Comprenez, près de 7 vendeurs sur 10 sont aussi des acquéreurs. La psychologie des acquéreurs-(re)vendeurs, souvent mésestimée, éclaire pourtant sur un phénomène loin d’être anecdotique. Plus qu’une tendance nous parlerons ici d’une réalité que bon nombre d’autres professionnels du marché doivent côtoyer au quotidien : les vrais-faux acquéreurs revendeurs. Rencontre avec Patrice Amate, Président depuis plus de 25 ans, de la société immobilière de Trets (13), une agence immobilière spécialisée dans la transaction et la gestion locative entre Aix-en-Provence et Marseille.

Des acquéreurs-(re)vendeurs à la vision dédoublée

Dans un marché qui se durcit, dans lequel chaque euro compte pour engager une demande de crédit et faire aboutir une acquisition, il remarque qu’une recherche sur deux relève d’un projet d’acquisition via la vente d’un bien. Jusque-là, rien d’anormal dans un marché de résidence principale et c’est d’ailleurs pour cela que l’on pouvait avoir recours à un prêt relais. Sauf qu’actuellement, il est devenu quasiment impossible d’en obtenir un.

Ce qui change drastiquement la donne !

Les acquéreurs-vendeurs qu’il rencontre ont, depuis quelques temps, un profil atypique : « Ce sont donc les mêmes qui engagent des recherches au-dessus de leurs budgets anticipant des négociations irrationnelles dans leur achat, tout en majorant le prix de leur bien, sans pour autant l’avoir mis en vente ni même l’avoir fait estimer, en n’anticipant pas la moindre négociation les concernant ni les délais de ventes en fortes augmentations étant tous persuadés de le vendre rapidement », précise Patrice Amate.

Un grand écart surprenant, mais bien réel qui n’a pour effet que de gripper encore davantage le marché

« Les acquéreurs nous sollicitent pour des visites comme pour aller au musée, sans aucun préalable à la réalisation de la transaction. Aujourd’hui, je suis contraint de refuser des visites pour ne pas faire subir aux vendeurs ce phénomène de promeneurs », poursuit Patrice Amate.
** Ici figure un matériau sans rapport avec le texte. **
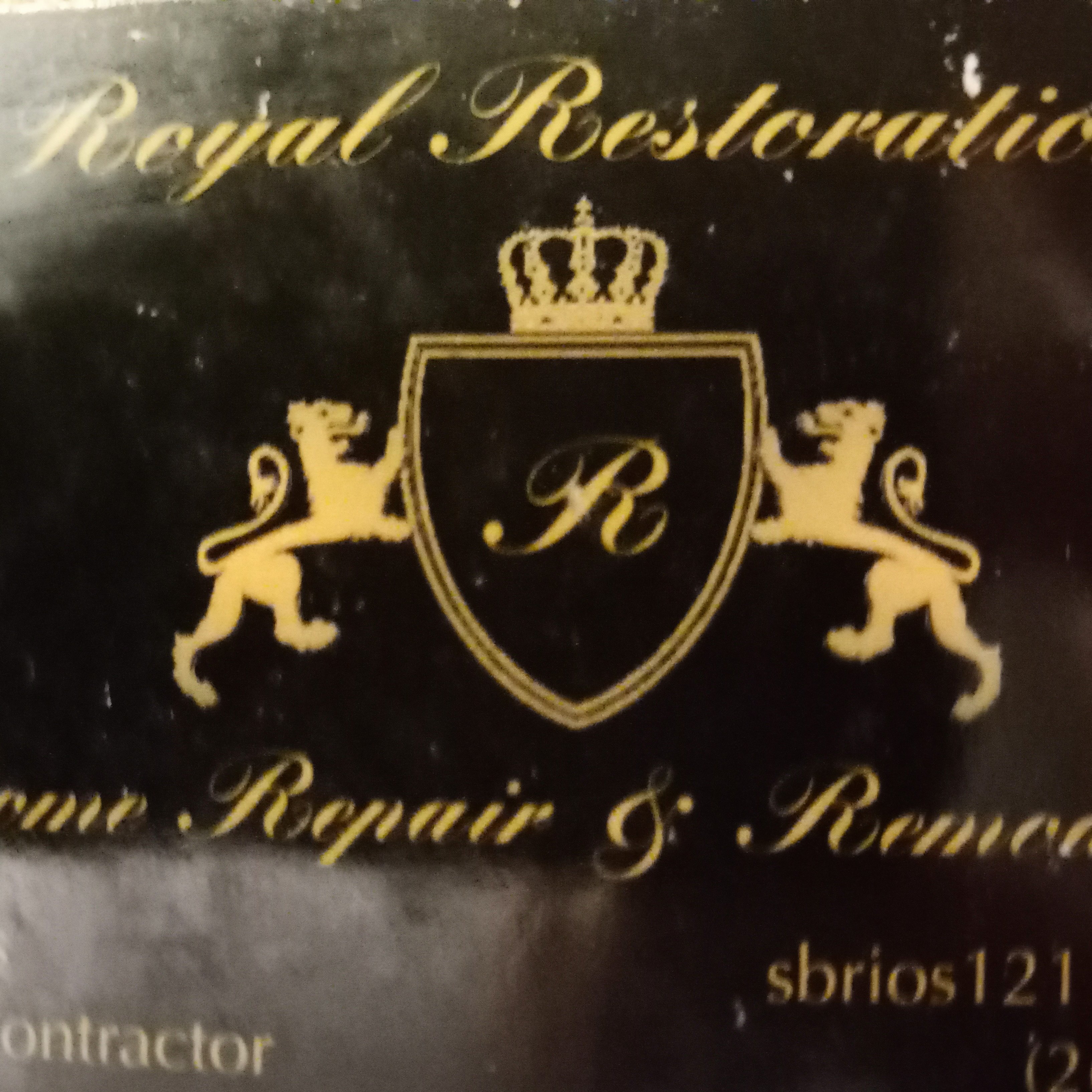 Avatar for Royal Restoration llc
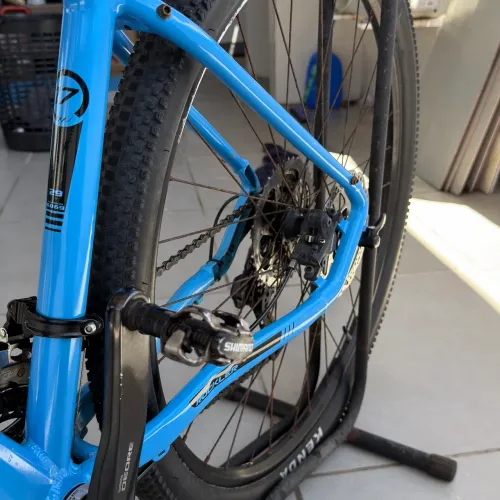Bicicleta MTB aro 29 ROCKLER
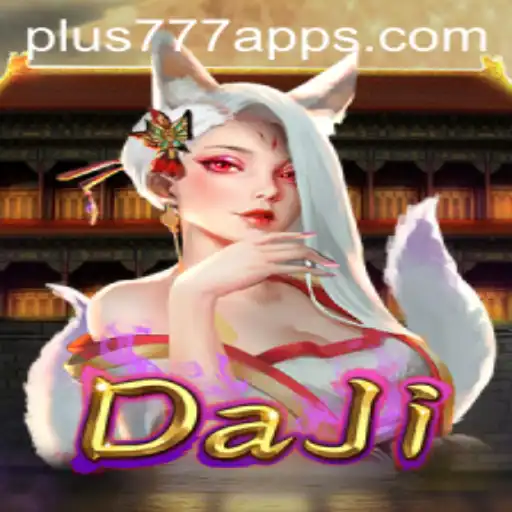 DaJi: An Innovative Game Experience with Plus777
Un marché grippé avec un profil d’acquéreurs dégradé

Car cette attitude, si elle peut déplaire, a surtout pour impact de gripper le marché, rendant irréaliste toute offre d’achat. Ces clients sollicitent des visites, sans pour autant connaître leur budget, ni leur timing. S’ils s’engagent dans la prospection active, ils n’ont pas fait estimer leur bien à vendre, ni pris en compte la baisse des prix. En revanche, pour leur acquisition, ils ont déjà intégré la négociation avant la visite. Une attitude, qui montre l’ampleur du manque de pédagogie à ce sujet, et qui grippe davantage encore le marché.
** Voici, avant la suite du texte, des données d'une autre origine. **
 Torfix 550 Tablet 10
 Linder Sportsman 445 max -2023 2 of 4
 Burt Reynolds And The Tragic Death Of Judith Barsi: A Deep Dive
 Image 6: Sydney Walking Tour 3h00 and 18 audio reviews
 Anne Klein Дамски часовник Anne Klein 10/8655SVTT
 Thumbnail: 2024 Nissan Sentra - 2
« J’ai reçu un client qui souhaitait visiter une maison à 700 000 € dans le cadre d’une acquisition en partie financée par la vente de son actuelle maison. Il n’avait cependant pas mis en vente sa maison, ni réalisé d’estimation. Il évaluait son bien à 450 000 €, c’est à dire au prix du marché d’il y a un an, lui autorisant une enveloppe maximum de 650 000€. De là, on constate qu’il envisage d’emblée une négociation d’au moins 50 000€ pour son achat, mais qu’il majore le prix de sa maison à vendre. La possibilité d’une transaction n’est donc pas crédible, et ce genre de visites, quotidiennes, fait perdre du temps à tous les acteurs, propriétaires, acquéreurs et professionnels de l’immobilier», raconte Patrice Amate.

Bien vendre aujourd’hui : l’indispensable « profilage » des professionnels de l’immobilier

Face à ces comportements majoritaires depuis des mois, la phase de découverte du profil de l’acquéreur devient primordiale : c’est elle qui permet de juger du sérieux du client et de la crédibilité de l’acquisition. D’autant plus que le profil des vendeurs d’urgence (succession, divorce, …) est aujourd’hui surreprésenté, les vendeurs moins pressés restant dans une attitude attentiste.

Expliquer, considérer la réalité et sélectionner des visites qualitatives est le rôle de l’agent immobilier, garant de la bonne réalisation d’une transaction. Car mal calibrer une proposition d’achat, dans un contexte où les délais de vente s’allongent, peut avoir des impacts considérables, à la fois financiers et familiaux, pour les vendeurs.